BOŞANMA KARARLARINDA TANIMA
Tanıma ve Tenfizin ne olduğunu, bu davanın hangi durumlarda açılması gerektiğini, Ön ve Esas şartları, Görevli ve Yetkili Mahkemeleri, Teminat şartını ve Bunlara ilişkin emsal Yargıtay kararlarını ; Tanıma ve Tenfiz Davaları Makalemizde detaylarıyla birlikte açıklamıştık. Tekrara kaçmamak adına bu makalemizde yalnızca boşanma kararları ve boşanma kararlarının fer’i hakları mahiyetindeki velayet, nafaka ve tazminat hususlarının tenfizini açıklamaya çalışacağız.
Bilindiği üzere, yabancı ülke mahkemelerinde verilmiş bir boşanma kararı, Türkiye’de doğrudan sonuç doğurmaz. Yani ülkemizde halen evli kabul edilirsiniz. Tabi bu durum yeniden evlenme, mirasçılık veya yeni çocuk doğması hususlarında büyük önem arz etmektedir. Bu gibi sorunların önüne geçebilmek için boşanma kararının ülkemizde tanıma ve tenfizinin yapılması gerekmektedir.

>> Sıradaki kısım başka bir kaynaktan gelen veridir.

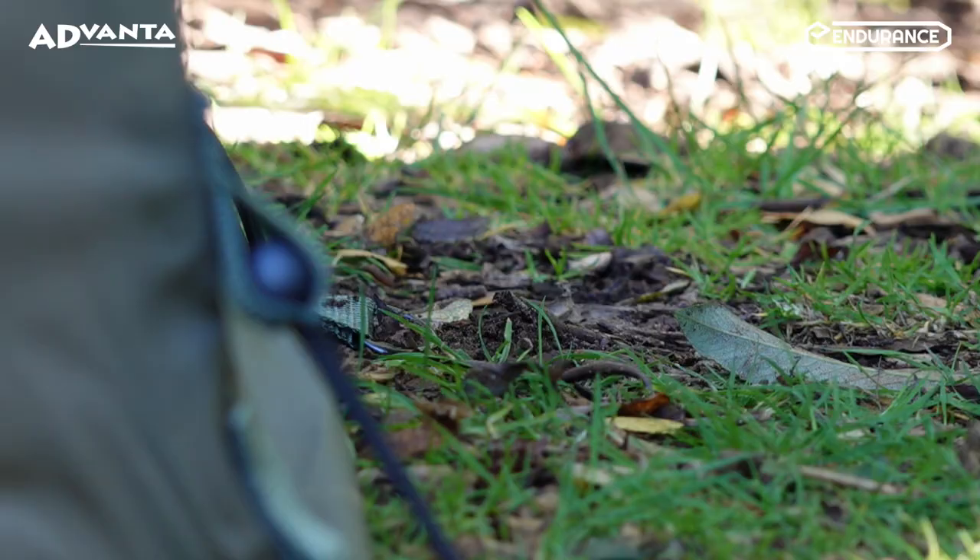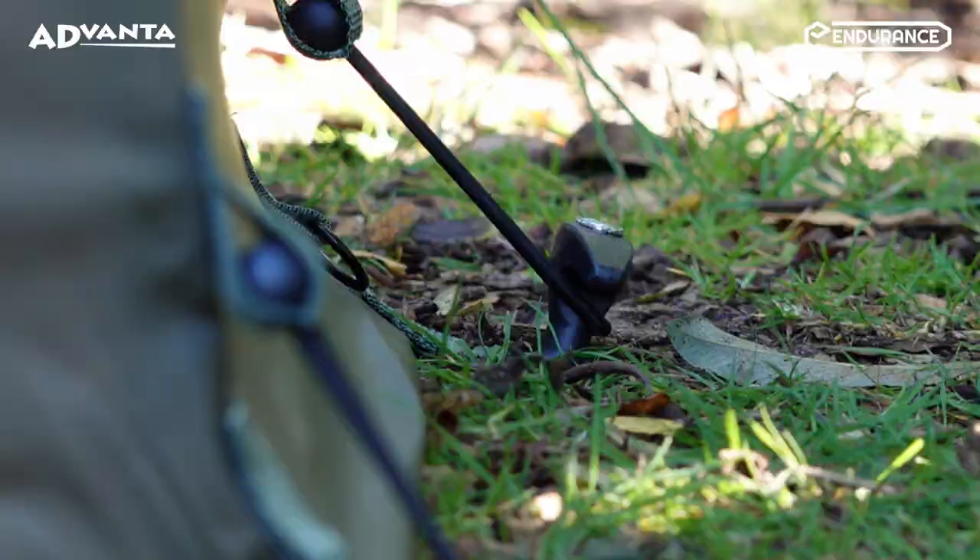Three height setting pegging points and an elasticated tensioning system designed to ensure you can eliminate any drafts when attaching the Wrap.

Ülkemizde 2017 tarihinden öncesinde yurt dışında verilmiş bir boşanma kararını Türkiye de geçerli hale getirebilmenin tek yolu Tanıma ve Tenfiz Davası açmaktı. Ancak, 29.04.2017 tarihinde Nüfuz Hizmetleri Kanunumuzda yapılan düzenlemeler neticesinde artık dava açmadan da boşanma kararlarının Türkiye’de tanınmasına imkan verildi. Bu değişiklikler neticesinde artık boşanma kararını, Türkiye Cumhuriyeti dış temsilciliklere götürerek Türkiye’de de geçerli hale getirebilmek mümkündür. Ancak şu husus unutulmamalıdır ki bu durumun ilk ve en önemli şartı; yurt ışında usulüne göre alınmış ve kesinleşmiş bir boşanma kararının alınmış olmasıdır.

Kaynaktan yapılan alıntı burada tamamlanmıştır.